It’s not the last post for Raya cards just yet
LAST year, Pos Malaysia delivered 3.9 million Hari Raya cards. This year it expects to send two per cent more. As usual, it will hire temporary staff to cope with the extra load during this busy time of year. As Pos Malaysia Bhd group chief executive Datuk Khalid Abdol Rahman said, contrary to the perception that people no longer sent cards via "snail mail", this shows that sending cards during Hari Raya is a tradition that many still enjoy. As our page 8 headline on Tuesday said, more than anything else, it's the personal touch that keeps this practice alive, despite the faster and newer digital alternatives on the Internet and cellular technologies. For many people, both young and old, it's that special time of the year to send a card as a greeting on email, mobile phone, Facebook or tweet does not carry the same meaning and sentiment as an old-fashioned, tangible, paper card.

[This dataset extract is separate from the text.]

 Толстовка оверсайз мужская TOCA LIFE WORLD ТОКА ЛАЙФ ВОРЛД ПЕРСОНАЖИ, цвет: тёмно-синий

While all these go to show that the tradition of sending greeting cards during Hari Raya is not under the immediate threat of terminal decline, other developments, however, do not spell good news for the long-standing practice. Indeed, the fact that a lot more cards -- 11.5 million, to be precise -- were delivered during Hari Raya two years ago suggests that the tradition is more in danger from receiving a get-well rather than a congratulatory card. Far from being a holiday that sparks sales, the run-up to this year's Hari Raya Aidilfitri appears to have witnessed a decline. Previously, bookshops and stalls used to be packed with people buying greeting cards and sales peaked before the festival day, but not any more. On Monday, shop assistants in Kuala Terenagganu told Bernama that there has been a drastic drop in business. In fact, demand for cards during festive seasons has been on a long, gradual decline over the last five years all over the world. As the practice of sending cards seems to be fading, this suggests that the two per cent increase expected by Pos Malaysia does not appear to be on the cards.
To be sure, paper greetings are still popular, and there will be exceptions to the rule that young people don't send cards. Certainly, "real" cards have not become collateral damage in the virtual age just yet. But the reality is that emails, texts and social media messages have significantly reduced the volume of personal letters and business correspondence in the mail. As such, the likelihood is that fewer people will bother to shop for a card, buy a stamp and post it.